• [EXERCISE DESCRIPTION]
The data below is to be repeated in full, exactly as given.

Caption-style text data

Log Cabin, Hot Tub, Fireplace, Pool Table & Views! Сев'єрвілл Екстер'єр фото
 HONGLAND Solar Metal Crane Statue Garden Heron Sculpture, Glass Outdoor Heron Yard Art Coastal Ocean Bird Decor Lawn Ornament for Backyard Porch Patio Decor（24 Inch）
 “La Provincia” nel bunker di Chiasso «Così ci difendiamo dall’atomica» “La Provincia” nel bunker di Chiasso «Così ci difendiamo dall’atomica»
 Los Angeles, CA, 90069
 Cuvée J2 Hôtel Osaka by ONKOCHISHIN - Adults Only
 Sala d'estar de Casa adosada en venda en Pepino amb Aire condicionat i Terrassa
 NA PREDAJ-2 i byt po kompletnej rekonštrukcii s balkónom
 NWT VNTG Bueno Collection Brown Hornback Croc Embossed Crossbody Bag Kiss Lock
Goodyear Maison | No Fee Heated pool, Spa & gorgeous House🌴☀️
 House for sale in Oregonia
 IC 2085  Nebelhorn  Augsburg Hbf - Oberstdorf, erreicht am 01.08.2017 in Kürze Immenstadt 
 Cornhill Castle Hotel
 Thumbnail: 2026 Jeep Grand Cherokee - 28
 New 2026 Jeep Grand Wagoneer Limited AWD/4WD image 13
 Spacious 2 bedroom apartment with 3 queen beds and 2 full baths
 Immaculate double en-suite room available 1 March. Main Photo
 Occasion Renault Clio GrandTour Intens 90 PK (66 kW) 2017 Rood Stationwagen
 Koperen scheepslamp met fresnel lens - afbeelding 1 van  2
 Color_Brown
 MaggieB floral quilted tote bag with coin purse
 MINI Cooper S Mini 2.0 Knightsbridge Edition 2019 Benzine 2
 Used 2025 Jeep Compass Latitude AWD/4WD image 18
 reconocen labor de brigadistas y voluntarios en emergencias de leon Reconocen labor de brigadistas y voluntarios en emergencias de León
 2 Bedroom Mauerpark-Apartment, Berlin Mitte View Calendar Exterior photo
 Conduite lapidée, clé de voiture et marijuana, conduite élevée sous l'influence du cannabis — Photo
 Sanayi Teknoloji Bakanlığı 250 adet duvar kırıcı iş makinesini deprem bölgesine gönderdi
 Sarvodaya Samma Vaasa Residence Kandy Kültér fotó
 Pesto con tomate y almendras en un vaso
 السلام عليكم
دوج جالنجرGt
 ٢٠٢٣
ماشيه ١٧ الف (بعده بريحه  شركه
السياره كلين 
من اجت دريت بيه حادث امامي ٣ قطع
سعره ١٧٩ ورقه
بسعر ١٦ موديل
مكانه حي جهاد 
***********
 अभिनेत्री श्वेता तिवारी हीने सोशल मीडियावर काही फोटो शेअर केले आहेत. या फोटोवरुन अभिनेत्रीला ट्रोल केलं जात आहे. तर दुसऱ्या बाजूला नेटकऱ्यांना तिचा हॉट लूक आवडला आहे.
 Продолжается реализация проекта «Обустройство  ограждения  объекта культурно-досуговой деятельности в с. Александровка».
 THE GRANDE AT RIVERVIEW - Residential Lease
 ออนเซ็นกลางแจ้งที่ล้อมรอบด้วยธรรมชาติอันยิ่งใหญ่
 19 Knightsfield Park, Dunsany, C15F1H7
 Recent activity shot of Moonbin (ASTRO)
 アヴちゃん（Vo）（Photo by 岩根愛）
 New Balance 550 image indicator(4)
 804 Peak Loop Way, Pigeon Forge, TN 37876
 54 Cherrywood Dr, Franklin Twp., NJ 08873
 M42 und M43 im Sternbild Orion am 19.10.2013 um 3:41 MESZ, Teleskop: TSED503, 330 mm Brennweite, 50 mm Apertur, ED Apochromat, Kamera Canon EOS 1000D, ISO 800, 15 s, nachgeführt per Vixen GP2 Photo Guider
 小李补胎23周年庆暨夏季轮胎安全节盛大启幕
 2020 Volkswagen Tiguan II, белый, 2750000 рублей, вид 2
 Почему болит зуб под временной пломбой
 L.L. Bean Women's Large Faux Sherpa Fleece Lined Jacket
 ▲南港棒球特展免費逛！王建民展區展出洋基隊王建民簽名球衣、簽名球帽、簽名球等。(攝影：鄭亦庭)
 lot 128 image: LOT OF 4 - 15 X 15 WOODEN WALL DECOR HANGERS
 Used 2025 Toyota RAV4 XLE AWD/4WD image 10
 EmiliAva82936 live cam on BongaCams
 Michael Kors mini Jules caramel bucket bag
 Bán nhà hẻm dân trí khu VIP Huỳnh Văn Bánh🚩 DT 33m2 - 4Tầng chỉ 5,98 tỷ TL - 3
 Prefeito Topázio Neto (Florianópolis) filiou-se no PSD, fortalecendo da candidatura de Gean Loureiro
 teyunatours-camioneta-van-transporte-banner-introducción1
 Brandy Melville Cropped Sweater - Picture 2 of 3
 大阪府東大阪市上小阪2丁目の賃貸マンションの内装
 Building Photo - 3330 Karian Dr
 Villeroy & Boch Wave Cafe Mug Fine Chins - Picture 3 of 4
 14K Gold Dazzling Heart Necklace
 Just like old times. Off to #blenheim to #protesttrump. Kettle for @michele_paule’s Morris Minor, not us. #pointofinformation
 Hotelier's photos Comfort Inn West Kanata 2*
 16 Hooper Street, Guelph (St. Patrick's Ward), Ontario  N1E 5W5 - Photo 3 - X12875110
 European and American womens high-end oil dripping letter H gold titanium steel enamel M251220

• [ANSWER TO THIS TASK]
Log Cabin, Hot Tub, Fireplace, Pool Table & Views! Сев'єрвілл Екстер'єр фото
 HONGLAND Solar Metal Crane Statue Garden Heron Sculpture, Glass Outdoor Heron Yard Art Coastal Ocean Bird Decor Lawn Ornament for Backyard Porch Patio Decor（24 Inch）
 “La Provincia” nel bunker di Chiasso «Così ci difendiamo dall’atomica» “La Provincia” nel bunker di Chiasso «Così ci difendiamo dall’atomica»
 Los Angeles, CA, 90069
 Cuvée J2 Hôtel Osaka by ONKOCHISHIN - Adults Only
 Sala d'estar de Casa adosada en venda en Pepino amb Aire condicionat i Terrassa
 NA PREDAJ-2 i byt po kompletnej rekonštrukcii s balkónom
 NWT VNTG Bueno Collection Brown Hornback Croc Embossed Crossbody Bag Kiss Lock
Goodyear Maison | No Fee Heated pool, Spa & gorgeous House🌴☀️
 House for sale in Oregonia
 IC 2085  Nebelhorn  Augsburg Hbf - Oberstdorf, erreicht am 01.08.2017 in Kürze Immenstadt 
 Cornhill Castle Hotel
 Thumbnail: 2026 Jeep Grand Cherokee - 28
 New 2026 Jeep Grand Wagoneer Limited AWD/4WD image 13
 Spacious 2 bedroom apartment with 3 queen beds and 2 full baths
 Immaculate double en-suite room available 1 March. Main Photo
 Occasion Renault Clio GrandTour Intens 90 PK (66 kW) 2017 Rood Stationwagen
 Koperen scheepslamp met fresnel lens - afbeelding 1 van  2
 Color_Brown
 MaggieB floral quilted tote bag with coin purse
 MINI Cooper S Mini 2.0 Knightsbridge Edition 2019 Benzine 2
 Used 2025 Jeep Compass Latitude AWD/4WD image 18
 reconocen labor de brigadistas y voluntarios en emergencias de leon Reconocen labor de brigadistas y voluntarios en emergencias de León
 2 Bedroom Mauerpark-Apartment, Berlin Mitte View Calendar Exterior photo
 Conduite lapidée, clé de voiture et marijuana, conduite élevée sous l'influence du cannabis — Photo
 Sanayi Teknoloji Bakanlığı 250 adet duvar kırıcı iş makinesini deprem bölgesine gönderdi
 Sarvodaya Samma Vaasa Residence Kandy Kültér fotó
 Pesto con tomate y almendras en un vaso
 السلام عليكم
دوج جالنجرGt
 ٢٠٢٣
ماشيه ١٧ الف (بعده بريحه  شركه
السياره كلين 
من اجت دريت بيه حادث امامي ٣ قطع
سعره ١٧٩ ورقه
بسعر ١٦ موديل
مكانه حي جهاد 
***********
 अभिनेत्री श्वेता तिवारी हीने सोशल मीडियावर काही फोटो शेअर केले आहेत. या फोटोवरुन अभिनेत्रीला ट्रोल केलं जात आहे. तर दुसऱ्या बाजूला नेटकऱ्यांना तिचा हॉट लूक आवडला आहे.
 Продолжается реализация проекта «Обустройство  ограждения  объекта культурно-досуговой деятельности в с. Александровка».
 THE GRANDE AT RIVERVIEW - Residential Lease
 ออนเซ็นกลางแจ้งที่ล้อมรอบด้วยธรรมชาติอันยิ่งใหญ่
 19 Knightsfield Park, Dunsany, C15F1H7
 Recent activity shot of Moonbin (ASTRO)
 アヴちゃん（Vo）（Photo by 岩根愛）
 New Balance 550 image indicator(4)
 804 Peak Loop Way, Pigeon Forge, TN 37876
 54 Cherrywood Dr, Franklin Twp., NJ 08873
 M42 und M43 im Sternbild Orion am 19.10.2013 um 3:41 MESZ, Teleskop: TSED503, 330 mm Brennweite, 50 mm Apertur, ED Apochromat, Kamera Canon EOS 1000D, ISO 800, 15 s, nachgeführt per Vixen GP2 Photo Guider
 小李补胎23周年庆暨夏季轮胎安全节盛大启幕
 2020 Volkswagen Tiguan II, белый, 2750000 рублей, вид 2
 Почему болит зуб под временной пломбой
 L.L. Bean Women's Large Faux Sherpa Fleece Lined Jacket
 ▲南港棒球特展免費逛！王建民展區展出洋基隊王建民簽名球衣、簽名球帽、簽名球等。(攝影：鄭亦庭)
 lot 128 image: LOT OF 4 - 15 X 15 WOODEN WALL DECOR HANGERS
 Used 2025 Toyota RAV4 XLE AWD/4WD image 10
 EmiliAva82936 live cam on BongaCams
 Michael Kors mini Jules caramel bucket bag
 Bán nhà hẻm dân trí khu VIP Huỳnh Văn Bánh🚩 DT 33m2 - 4Tầng chỉ 5,98 tỷ TL - 3
 Prefeito Topázio Neto (Florianópolis) filiou-se no PSD, fortalecendo da candidatura de Gean Loureiro
 teyunatours-camioneta-van-transporte-banner-introducción1
 Brandy Melville Cropped Sweater - Picture 2 of 3
 大阪府東大阪市上小阪2丁目の賃貸マンションの内装
 Building Photo - 3330 Karian Dr
 Villeroy & Boch Wave Cafe Mug Fine Chins - Picture 3 of 4
 14K Gold Dazzling Heart Necklace
 Just like old times. Off to #blenheim to #protesttrump. Kettle for @michele_paule’s Morris Minor, not us. #pointofinformation
 Hotelier's photos Comfort Inn West Kanata 2*
 16 Hooper Street, Guelph (St. Patrick's Ward), Ontario  N1E 5W5 - Photo 3 - X12875110
 European and American womens high-end oil dripping letter H gold titanium steel enamel M251220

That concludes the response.